Kangaroo icon indicating copy to clipboard operation
Kangaroo copied to clipboard

Kangaroo

Welcome! This repository holds all of the simulation and graphing code for "Kangaroo: Caching Billions of Tiny Object on Flash", which is to appear at SOSP 2021. See the Kangaroo Flash Experiments to find code links and detailed run instructions for the on-flash experiment code, which is implemented as another flash cache in Facebook's CacheLib engine.

Simulation Code

Build Instructions

Install SCons (https://scons.org/). Recommended install using python:

pip install SCons
cd simulator
scons

The executable is simulator/bin/cache which can be run with individual configurations.

Generate Simulator Configurations

The easiest way to generate workloads is using the genConfigs.py script in run-scripts.

cd run-scripts
./genConfigs.py -h # to see all the options

For example, if you want to create a Kangaroo simulation experiment using different log percentages (1%, 3%, 5%, 7%, 9% of flash) and pre-log random admission percentages (admit 80%, 90%, and 100%) run with a Zipf trace (alpha=0.9) you could run:

./genConfigs.py kangaroo-zipf --log 1 3 5 7 9 --rrip 3 --zipf 0.9 --readmission 1 --mem-size-MB 5 --flash-size-MB 20 --rotating-kb 256 --multiple-admission-policies --pre-log-random .8 .9 1 --threshold 2

For SA, remove the --log, --rrip, --threshold, --multiple-admission-policies, readmission, and --rotating-kb parameters and change --pre-log-random to --pre-set-random for a random admission policy.

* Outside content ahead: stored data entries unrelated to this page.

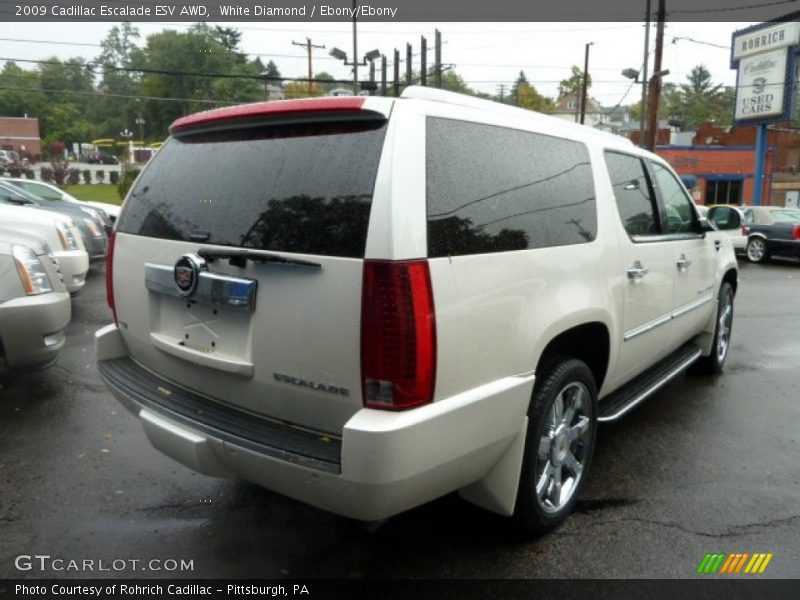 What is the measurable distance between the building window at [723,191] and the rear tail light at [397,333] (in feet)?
136

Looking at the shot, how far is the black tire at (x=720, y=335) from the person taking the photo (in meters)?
5.36

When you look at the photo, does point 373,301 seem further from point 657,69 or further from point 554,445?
point 657,69

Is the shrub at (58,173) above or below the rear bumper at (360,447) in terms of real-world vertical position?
above

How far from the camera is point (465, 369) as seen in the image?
2225mm

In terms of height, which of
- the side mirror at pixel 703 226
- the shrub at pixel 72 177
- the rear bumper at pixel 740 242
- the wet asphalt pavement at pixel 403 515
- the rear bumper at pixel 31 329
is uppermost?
the shrub at pixel 72 177

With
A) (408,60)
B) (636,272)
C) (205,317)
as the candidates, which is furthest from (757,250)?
(408,60)

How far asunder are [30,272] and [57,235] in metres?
3.25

./genConfigs.py sa-zipf --zipf 0.9 --mem-size-MB 5 --flash-size-MB 20 --pre-set-random .8 .9 1

For LS, use the --no-sets parameter and remove the --threshold, --rrip, --multiple-admission-policies flags.

./genConfigs.py ls-zipf --zipf 0.9 --mem-size-MB 5 --flash-size-MB 20 --pre-log-random .8 .9 1 --no-sets

The configs will automatically be generated in local run-scripts/configs directory with outputs to be written to run-scripts/output.

Note: Python 3 is required to run python code.

Run Simulator

To run the generated configurations, use run-scripts/runLocal.py.

./runLocal.py configs --jobs 3

Each simulator instance is single threaded. Multiple configs can be run at once using the jobs parameter.

Adding Parsing Code

One of the most common code additions is adding parsers for new trace formats. To add a new parser,

  1. Write a parser that inherits from Parser (in simulator/parsers/parser.hpp). Examples can be found in the parsers directory.
  2. Add the parser as an option in simulator/parsers/parser.cpp.
  3. Add parser to the configuration generator if desired (run-scripts/genConfigs.py).

Kangaroo Flash Experiments

Kangaroo's full on-flash implementation and the Log-structured code evaluated in the paper exist at https://github.com/saramcallister/CacheLib-1

To look at the Kangaroo code:

git clone [email protected]:saramcallister/CacheLib-1.git
cd CacheLib-1

git checkout artifact-eval-kangaroo-upstream # for Kangaroo and SA code
git checkout artifact-eval-log-only-upstream # for LS code, need to be on this branch to run this comparison 

The Kangaroo flash cache code is mostly contained in cachelib/navy/kangaroo. You can also look at the pull request to the main CacheLib repository.

To build the code:

./contrib/build.sh -j -v -d

To run the flash experiments, you will need a flash drive formatted as a raw block device. The Cachelib engine has support for reading device-level write amplification, but it might not support your specific device. You can still get application-level write amplification numbers.

To run an experiment, create an appropriate json config (examples below) and run:

sudo ./opt/cachelib/bin/cachebench --json-test-config {CONFIG} --progress 300 --progress_stats_file {OUTFILE}

This will write experiment statistics from CacheLib to the specified output file every 300 seconds.

Sample configuartions are at cachelib/cachebench/test_configs/kangaroo within the CacheLib-Kangaroo fork. In the directory, there is also a text file that explains important parameters (more general parameters are available at https://cachelib.org/). The appropriate configurations for Kangaroo and LS are only in the correct branch.

Graphing

All the graphing scripts are in the graph-scripts directory. With the exception of miss_ratio_kangaroo_params.py which can create the Kangaroo breakdown graphs and the headline results graph, these scriptsare run using ./{SCRIPT} {WORKLOAD} output-files. For miss_ratio_kangaroo_params.py, the output files or results are specified in the script.

To change the graphing parameters (scaling, dram limits, device write amplification, etc) or add parameters for a new trace, you can modify or add graph-scripts/paramaters.